Microsoft Corp.'s forthcoming Windows Server 2008 provides a two-for-one bonus: virtualization software with the operating system itself and potentially closer integration with some Linux operating systems than it has ever offered before, according to an early, initial look at the server's Release Candidate 1 (RC1).
New technology allows for closer interoperability between Windows and Linux than we've seen in the past, and also puts it at loggerheads with technology offered by VMware, whose virtualization technology has been taking the industry by storm.

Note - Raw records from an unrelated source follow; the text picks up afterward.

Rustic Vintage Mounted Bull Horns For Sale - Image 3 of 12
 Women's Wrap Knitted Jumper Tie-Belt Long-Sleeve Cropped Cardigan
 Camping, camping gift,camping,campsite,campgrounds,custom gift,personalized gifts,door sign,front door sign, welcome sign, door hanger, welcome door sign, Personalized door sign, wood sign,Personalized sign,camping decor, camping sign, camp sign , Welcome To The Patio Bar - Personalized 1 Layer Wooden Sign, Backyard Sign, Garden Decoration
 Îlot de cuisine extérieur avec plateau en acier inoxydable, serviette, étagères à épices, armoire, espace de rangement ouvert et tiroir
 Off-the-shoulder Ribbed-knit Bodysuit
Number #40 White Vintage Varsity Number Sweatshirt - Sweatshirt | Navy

The early release of Windows Server 2008's Hyper-V Beta [ or read here ] signals that Microsoft is well ahead of schedule in a key area of development. But that's no big surprise: Hyper-V technology started with the Xen source code, so the company had a big head start.
Microsoft partially funded the Xen project, which suggests why the beta release supports Linux interoperability. The Redmond, Wash., industry giant plans to support some enterprise Linux distros in the long term—the first one being SUSE Enterprise 10 with SP1. Fedora Core 8 now works with Hyper-V.
To expand its integration capabilities with other Linux distros, the Windows Server 2008 group is opening up a testing program through Microsoft Connect's site. (Solution providers have to apply to get into the testing program.)
Xen shares a communication layer with Hyper-V. Hyper-V provides components for a synthetic network adapter, synthetic storage controller and Xen's Hypercall adapter. When running a Linux virtual machine, Xen calls are translated into Hyper-V hypercalls. Though the Xen hypervisor runs in Ring 0, it still has to communicate with Hyper-V.
The Hyper-V layer will execute instructions at the lowest service provided by Windows Server 2008. The Hyper-V layer requires a root-level partition to run, so the Windows Server 2008 kernel is treated almost equally with other Windows and non-Windows kernels. "Almost equal" means that Windows Server 2008 will be the constant in the new architecture.